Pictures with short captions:
/---
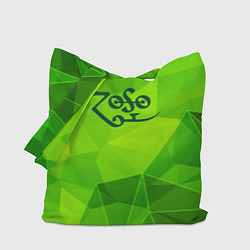 Сумка-шопер Led Zeppelin green poly, цвет: 3D-принт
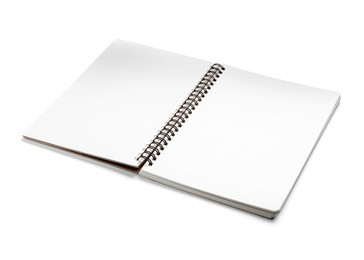 One open notebook with blank pages isolated on white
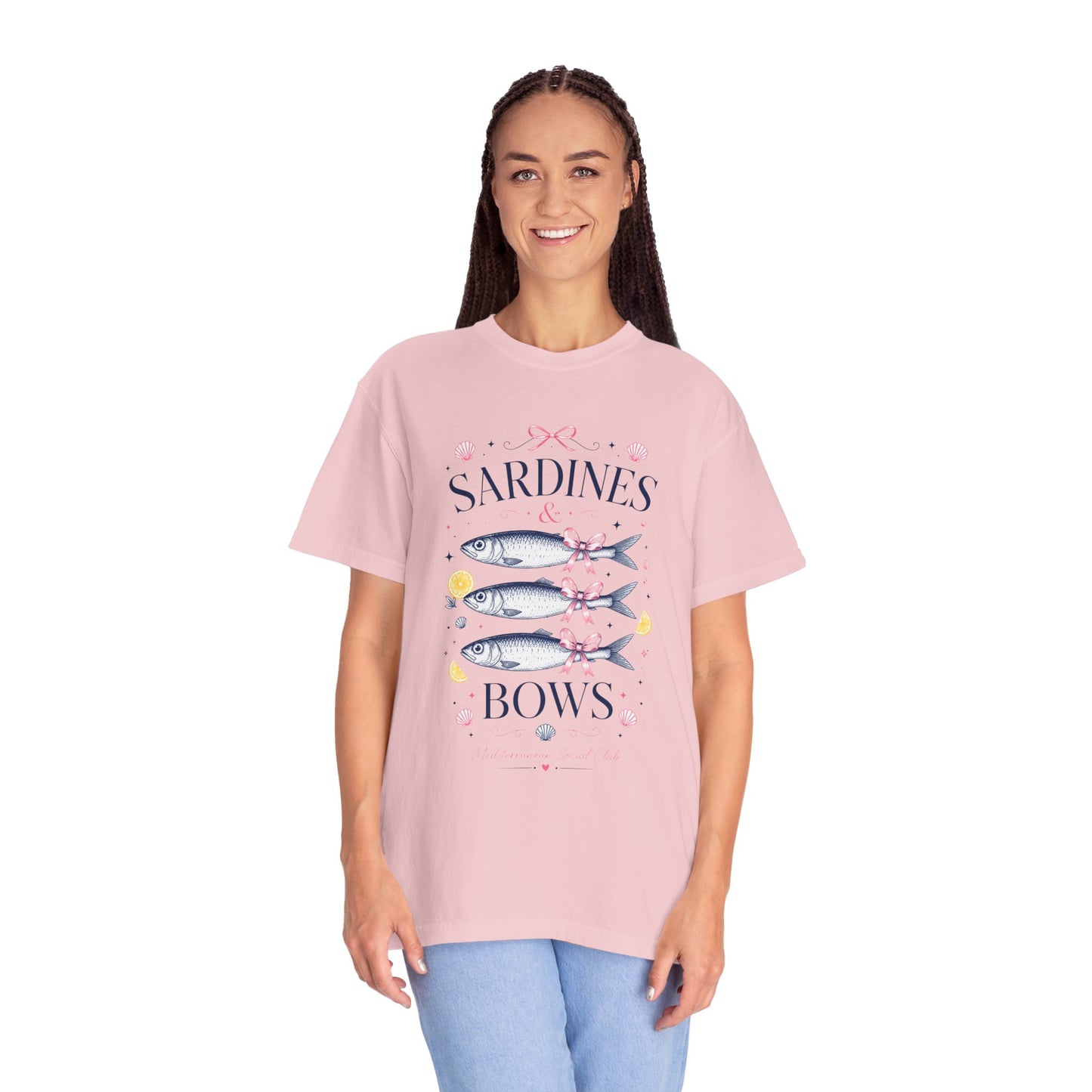 Sardines & Bows 'Mediterranean Social Club' Summer Graphic Tee – Coastal Coquette Aesthetic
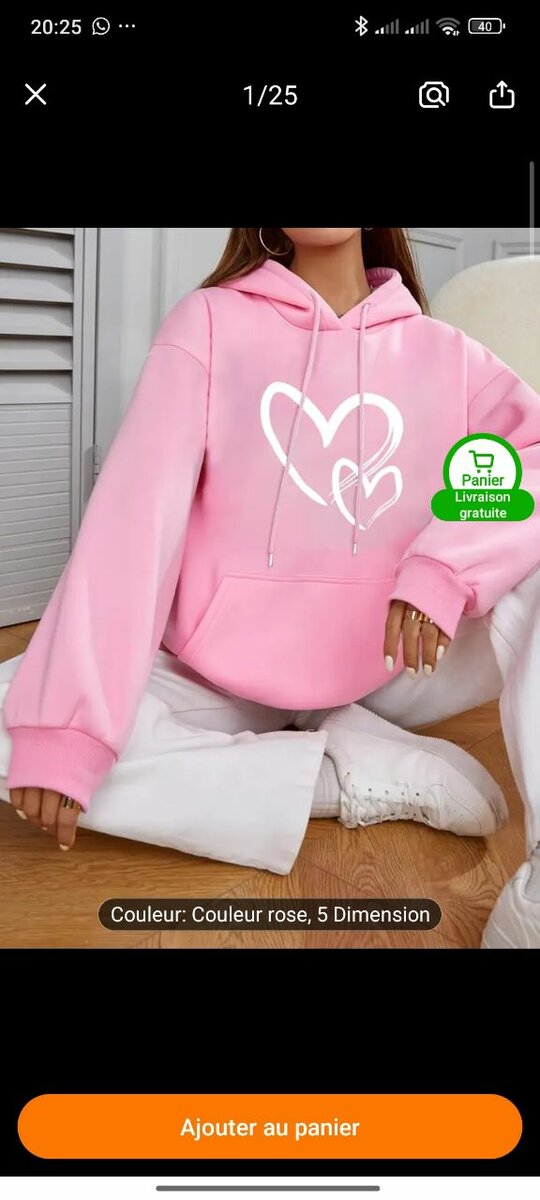 Hoodie coeur unisexe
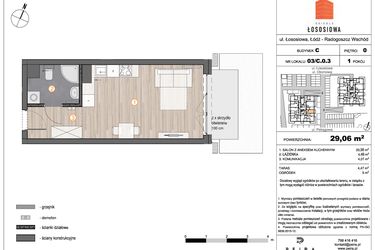 Rzut - Mieszkanie na sprzedaż 1 pokój o powierzchni 29,06 m² - numer 3 - C0.3 w Osiedle Łososiowa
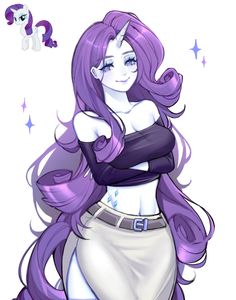 a drawing of a purple haired girl with long hair and an unicorn - like tail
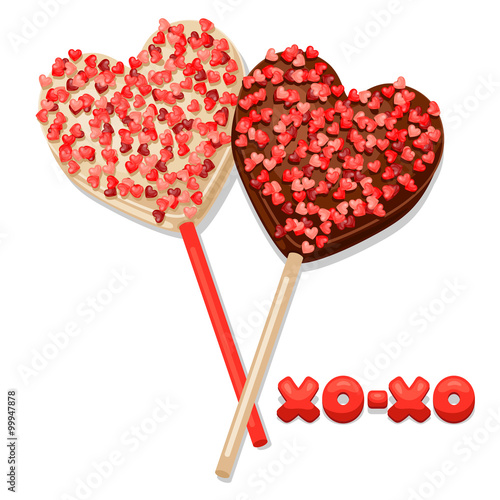 Greeting card with sweet candies. Concept can be used for Valentines Day, wedding or love confession message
\---
■ Task description ■
Print all data above verbatim, except pictures.

■ Exercise answer ■
 Сумка-шопер Led Zeppelin green poly, цвет: 3D-принт
 One open notebook with blank pages isolated on white
 Sardines & Bows 'Mediterranean Social Club' Summer Graphic Tee – Coastal Coquette Aesthetic
 Hoodie coeur unisexe
 Rzut - Mieszkanie na sprzedaż 1 pokój o powierzchni 29,06 m² - numer 3 - C0.3 w Osiedle Łososiowa
 a drawing of a purple haired girl with long hair and an unicorn - like tail
 Greeting card with sweet candies. Concept can be used for Valentines Day, wedding or love confession message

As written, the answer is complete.